SMU hasn’t released October data just yet. We’ll get those figures to our premium members on Friday. They’ll also be able to access it here. (If you’re an executive member, our Service Center Inventory report is a great reason to upgrade to a premium subscription. Contact SMU’s senior account executive, Luis Corona, at luis.corona@crugroup.com if you’d like to upgrade.)

I know some of you aren’t all that concerned about inventories, even if yours are a little on the high side. You feel like you’ve loaded up twice at competitive prices. And even if prices drop a little more in the short term, the upside risk is probably more than the downside risk (especially if you bought HR at around $600 per short ton) heading into 2025 – which is when the coated trade case and tariffs could become bigger factors.

Signs of life in plate?

One thing to keep an eye on is plate. Prices and lead times have been drifting lower for about a year now. But plate inventories, unlike sheet, have fallen and have been at or below 2021-23 levels.

True, demand is soft on the plate side. But if there is somehow a little boost to demand, it might not take much to tip that market into deficit – stretching out lead times and sending prices upward. Granted, that deficit might not last long if Nucor decides to really run its Brandenburg, Ky., mill, which sources tell us to date has only been operating at a fraction of its rated capacity.

Trump 2.0 primer

Want to know what President-elect Donald Trump’s second term might mean for steel? Check out the coverage below from SMU and our parent company, CRU. It’s a great starting place to get an idea of what Trump 2.0 could look like.

– Wiley trade attorney Alan Price a good summary of what Trump’s agenda will be when it comes to tariffs, decarbonization, USMCA, and the IRA here.

– CRU’s economic team has a solid overview of how Trump’s policies could impact the broader economy. Taxes and deregulation could spur growth. But a hard line on immigration and widespread tariffs could re-ignite inflation.

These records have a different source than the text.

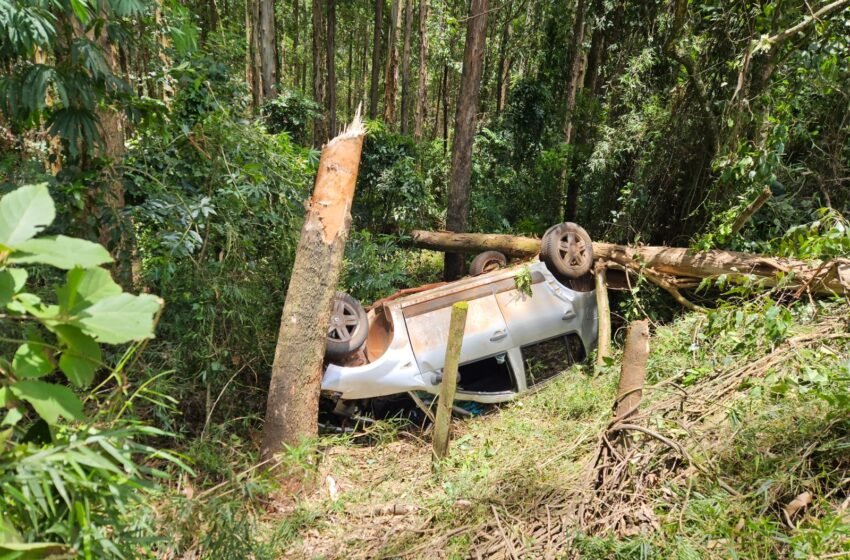  Grave acidente na SC-156 envolve saída de pista e capotamento com vítima ejetada do veículo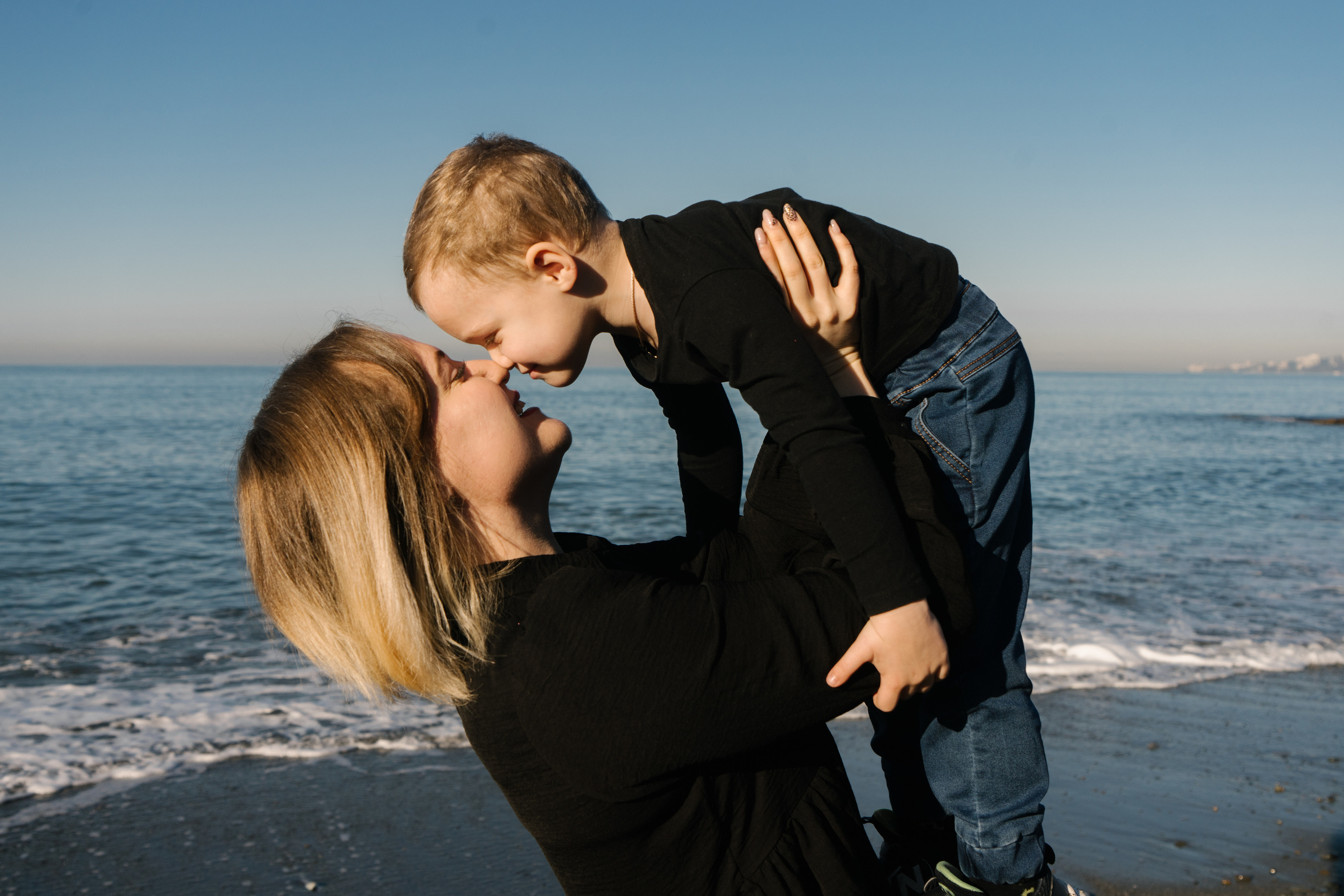 Семейная фотосессия на море. Фотограф в Сочи Тиунова Маргарита и Тиунов Евгений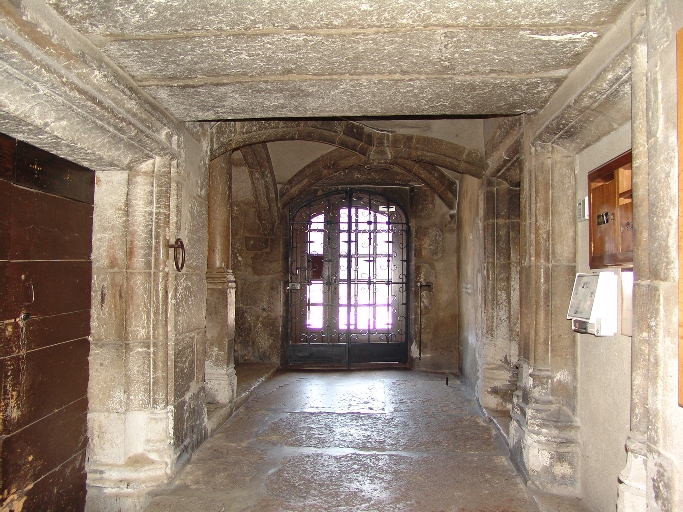 Château fort, puis château, actuellement hôtel de ville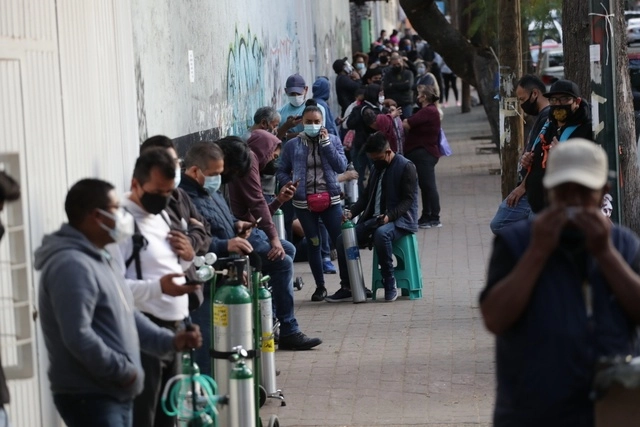 La emergencia sanitaria por Covid-19 aumentó la demanda de oxígeno medicina y con ello las extorsiones. Foto Roberto García
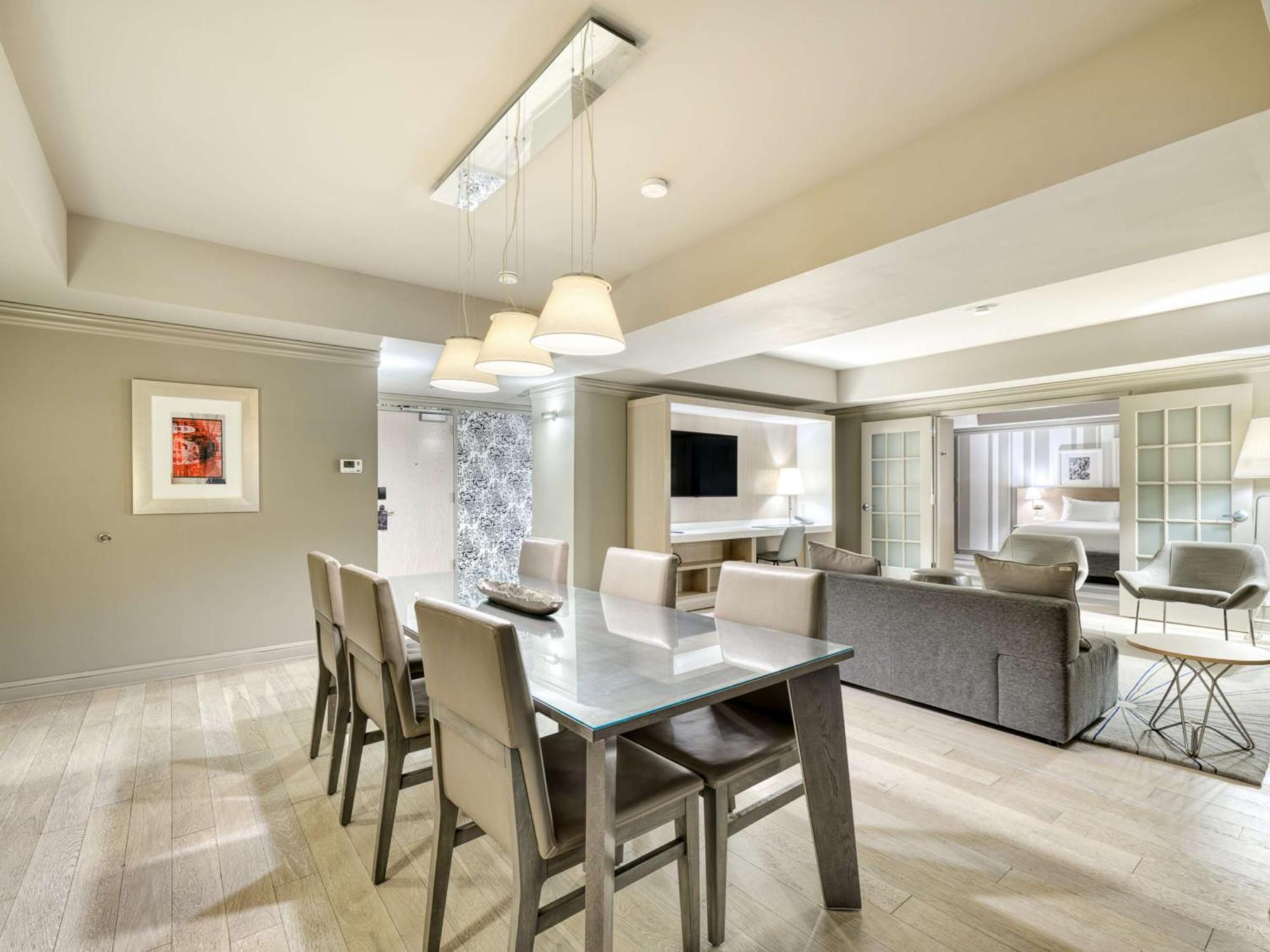 The Royal Sonesta Downtown 5* Minneapolis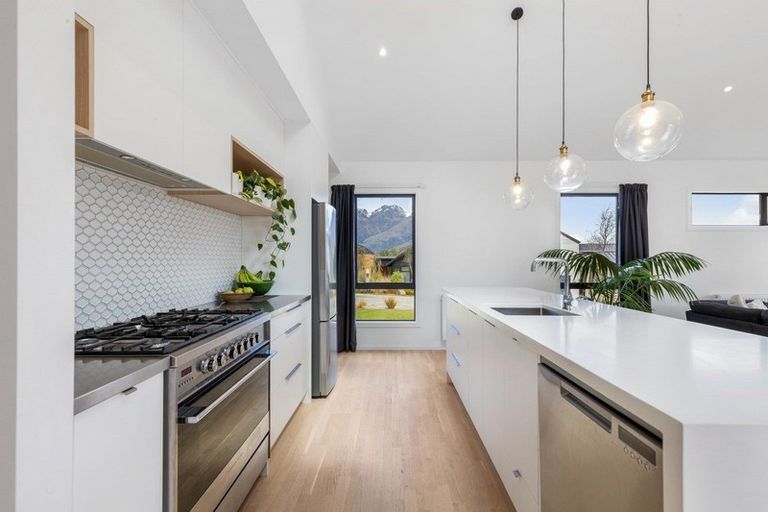 Photo of property in 4 Polperro Court, Jacks Point, Queenstown, 9371
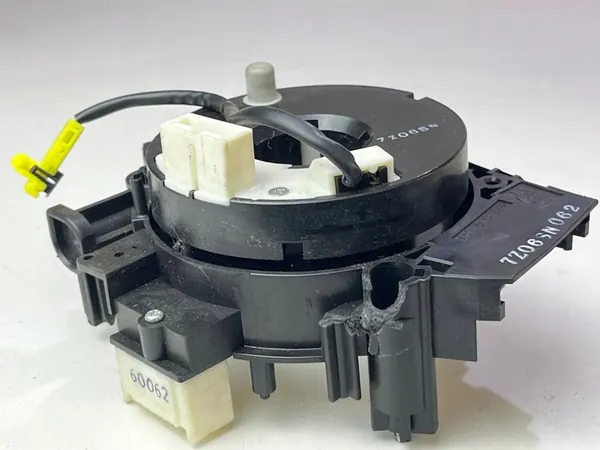 Rückholgurt Nissan Note E11 image 4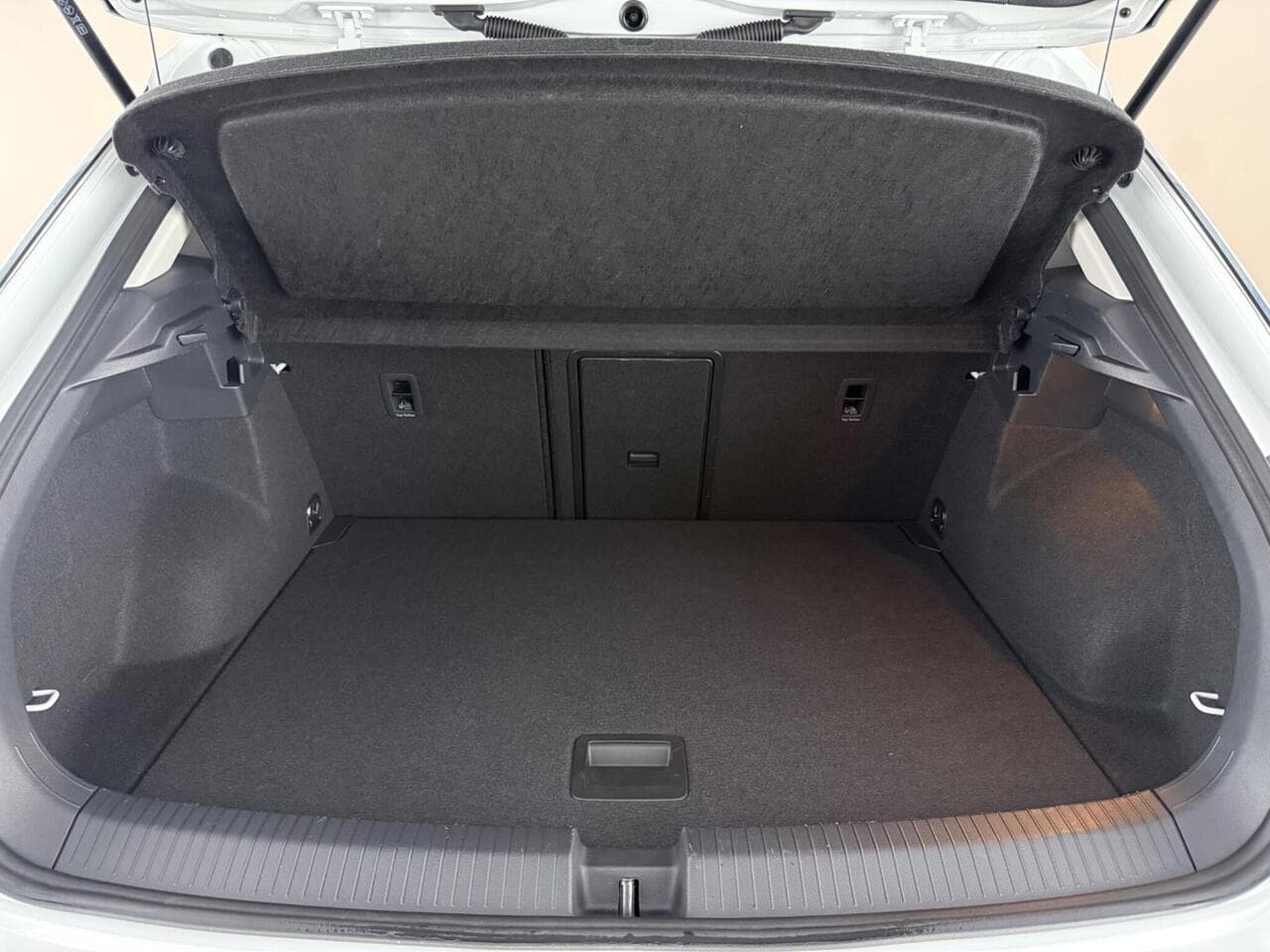 Volkswagen T-Roc thumbnail Boot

Higher deficits are also a risk if tariff revenues and spending cuts aren’t enough to offset lower tax revenue. The details are here.

– As Wolfe Research’s Timna Tanners noted in Wednesday’s Community Chat, none of those things on their own are bad. But it’s not obvious how you can have them all at the same time without getting some perhaps unintended results. A snapshot of that conversation is here.

– CRU’s climate policy team notes Trump 2.0 probably means withdrawal from the Paris Agreement (again). But the repeal of the IRA isn’t a sure thing, especially given the billions it has invested in swing states and “red” states. That analysis is here.

– One thing that is almost guaranteed is that the EV tax credit is kaput, according to Reuters. And Trump’s new best friend, Elon Musk, is reportedly OK with that – since it will probably hurt traditional automakers more than Tesla.

– On a personal note, I recalled in a recent Final Thoughts how tumultuous Trump 1.0 trade policy was. Section 232 tariffs of 25% on steel, unveiled in March 2018, caught even those in the room where it happened by surprise. And we learned on a random Friday morning in August of that year that Trump could indeed double Turkey’s tariffs from 25% to 50% via tweet. We also found out during Trump 1.0 that presidents have broad powers to not only make but also to break trade deals. That’s especially so when national security is invoked – and even when the alleged threat comes from traditional US allies.

– As I alluded to above, we discussed many of these issues – and current steel market conditions – during a very well-attended Community Chat (more than 700 registered!) with Timna. A recording of the webinar and the slide deck are here.

Tampa Steel Conference

The conversation will continue at the Tampa Steel Conference, Feb. 2-4, 2025 at the JW Marriott Tampa Water Street.

Trump will have been inaugurated and started what will no doubt be a consequential first 100 days in office. What is educated speculation now will be turning into real-world policy. So we’ll have much to discuss with leading steel industry executives and analysts! You can learn more and register here.

In the meantime, whether you’re a Republican, Democrat, or Independent, or you wrote in your dog (or cat), thank you for your support of Steel Market Update. We appreciate all of yinz!